- Entries shown:
----

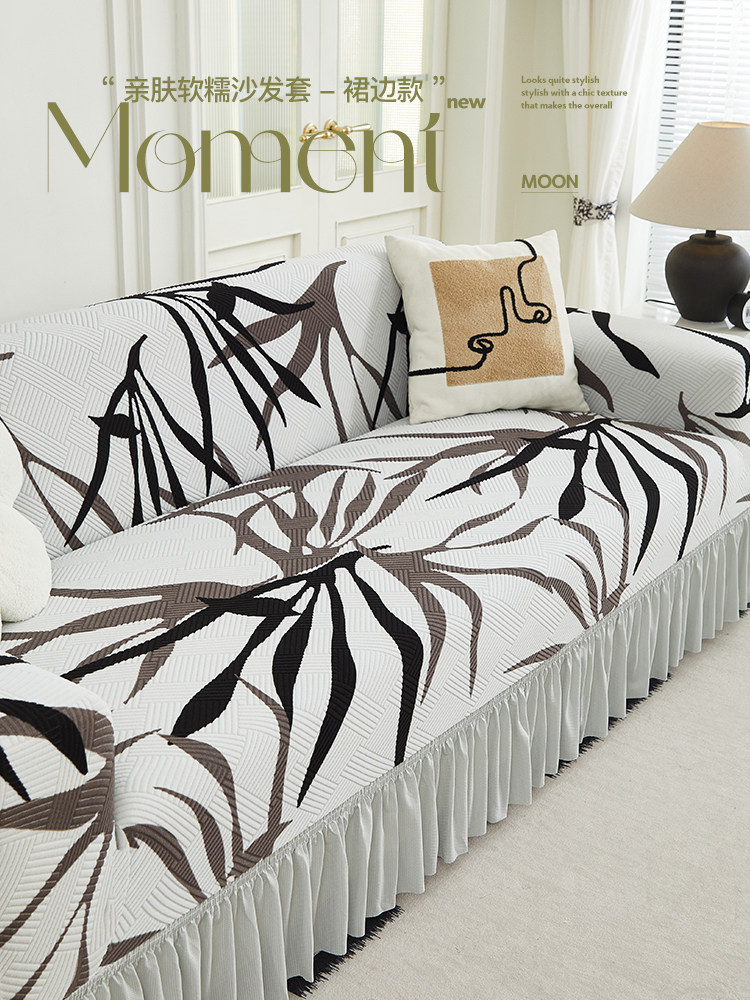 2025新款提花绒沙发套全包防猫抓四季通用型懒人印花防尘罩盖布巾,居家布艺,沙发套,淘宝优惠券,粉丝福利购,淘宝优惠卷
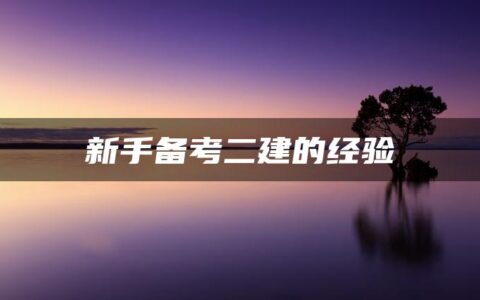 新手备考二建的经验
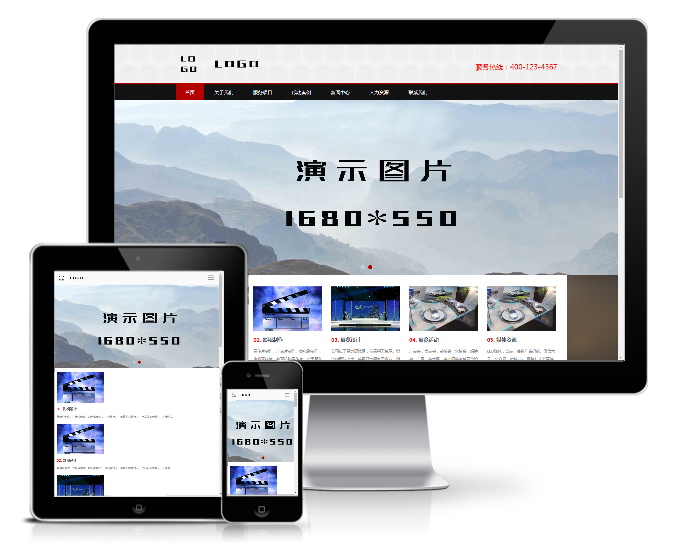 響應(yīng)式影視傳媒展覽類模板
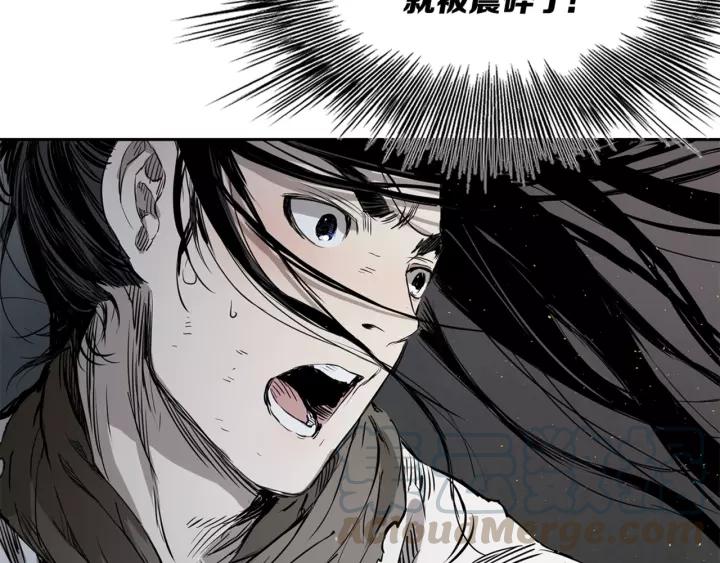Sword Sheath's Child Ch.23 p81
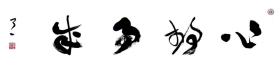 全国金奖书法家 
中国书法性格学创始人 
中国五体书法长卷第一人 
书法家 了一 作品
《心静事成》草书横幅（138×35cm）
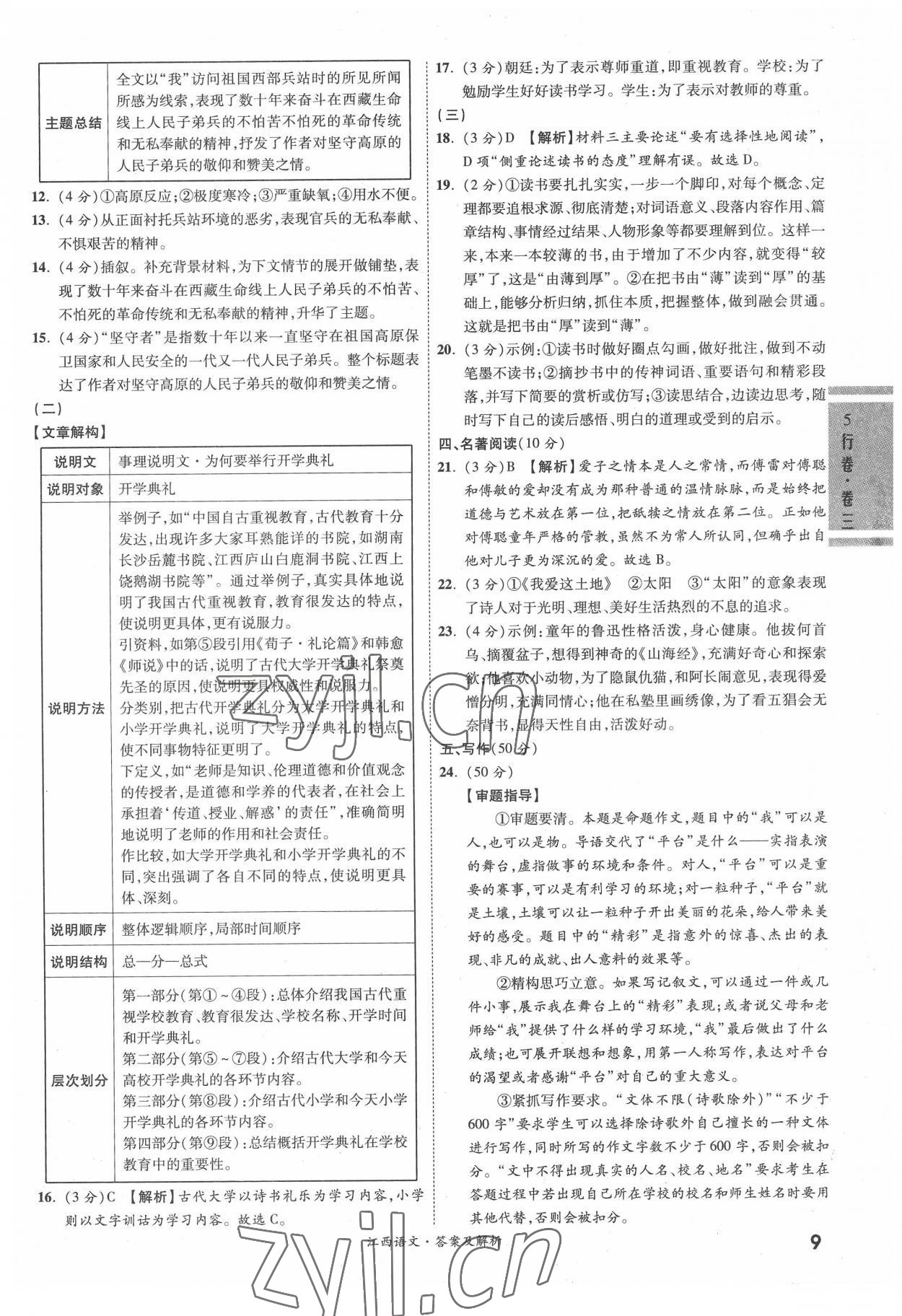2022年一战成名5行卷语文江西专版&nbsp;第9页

----

- Task description: Please give back all the records above word for word, with no pictures included.

- Solution for this problem:
 2025新款提花绒沙发套全包防猫抓四季通用型懒人印花防尘罩盖布巾,居家布艺,沙发套,淘宝优惠券,粉丝福利购,淘宝优惠卷
 新手备考二建的经验
 響應(yīng)式影視傳媒展覽類模板
Sword Sheath's Child Ch.23 p81
 全国金奖书法家 
中国书法性格学创始人 
中国五体书法长卷第一人 
书法家 了一 作品
《心静事成》草书横幅（138×35cm）
2022年一战成名5行卷语文江西专版&nbsp;第9页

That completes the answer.